Category Archives: Writing

On the Slide

I lay my back down on the slide

And turn my face up to the sky

The clouds are sailing past the trees

The branches sway and stir their leaves

 

The wind brushes against my legs

It moves the hairs upon my head

I feel it up and down my arms

The day is nice. The breeze is warm

 

My glasses rest upon my nose

They’re smudged. I clean them with my clothes

When I take them off my face

I feel the breeze on a new place

 

I had not known what I had missed

But now I feel I’ve wanted this

A feather touch, forehead to chin

My eyelids blink against the wind

 

I look again to see the sky

But clouds and light blur in my eyes

The tree above has lost its leaves

Replaced by fuzzy canopy

 

What a pity! Cannot I

Experience both the wind and sky?

To make me choose my eyes or skin

My eyesight does not let me win

Dread

I walk to class with a orchestra of nervous violins screeching just behind my eyes. My neck is tense, and the skin of my temples stretches as my ears strain backwards. Will he give me another chance to present my performance assignment? I slept through the last class session. Now I’m cursing my choice of an 8:30am class. I need to pull my grade up in this class, and what do I do? Sleep right through it. Well done, idiot.

The weight in my stomach drags me back against each step I take, but my nervous energy propels me forwards more quickly, and I make it to class earlier than I normally would. The professor is not yet at his podium, as per usual–he has previously preferred to be no more than thirty seconds early, and he does not presently break pattern.

I sit and wait for his arrival.

 

Unselfconscious

I saw the Moon. Did the Moon see me?

Near the edge of where the Earth bit off the Sun’s light, she had a crater.

It was grey and large, a faded scar. Nearby were speckles of darker black, deeper pits in her surface. She shone only brightly around her blemishes.

I stopped on my path and stared. It was quite rude.

Did she see me stare? Or was the night a cover for my gaze?

Perhaps she was blushing; the moonlight was radiant in the night, sanding away the lines and points of the world. As her light soaked the clouds in her face, she revealed their transparency.

The Terrible Truth Behind Happy Bunny

“It’s cute how you think I care.” “I’m happy, don’t wreck it by talking.” “it’s all about me, deal with it.” Who remembers Happy Bunny? Who spent endless minutes sniggering over these witticisms with their friends, secure in the knowledge that this, this was high humor? Comedy of the most refined kind? You could tell by how adults didn’t get it; it went high, high above their unfunny heads. You were superior in your knowledge that this was the greatest thing to happen to the comedic world since that guy who voiced the genie in Aladdin.

Those days are long gone now (I hope), and we have put those days behind us (I tentatively assume). But recently, I stumbled across this notebook emblazoned with these words: “i’m just pretending to take notes.”

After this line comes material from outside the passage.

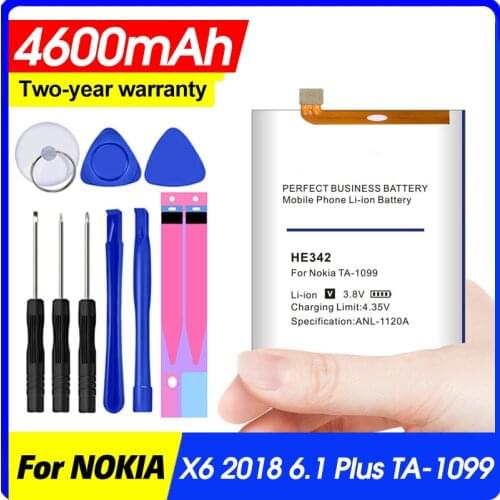 HE342 HE 342 4300mAh Smart Phone Batteries For Nokia X6 2018 6.1 Plus TA-1099 HE 342 Batteries Bateria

And it brought back the memories. Older and wiser as I am, though, I started wondering: who comes up with these things? Here is what my brain provided me with. This is the Terrible Truth Behind Happy Bunny.


A fat bureaucrat sits at the same desk he’s sat at for fifteen years, soullessly approving and denying notebook designs. “‘I’m just pretending to take notes.’ Sounds like the kind of bullsh they’ll like, the puerile little brats.” Overhead, the fluorescent lights rattle and flicker.

The eager young intern suggests uncapitalizing the “I”–because he explains with careful nonchalance, he’d heard from his little sister that it was the cool thing to do these days. “Children,” he may go so far as to mutter fondly, nostalgically shaking his head, firmly ensconced in superiority and adulthood.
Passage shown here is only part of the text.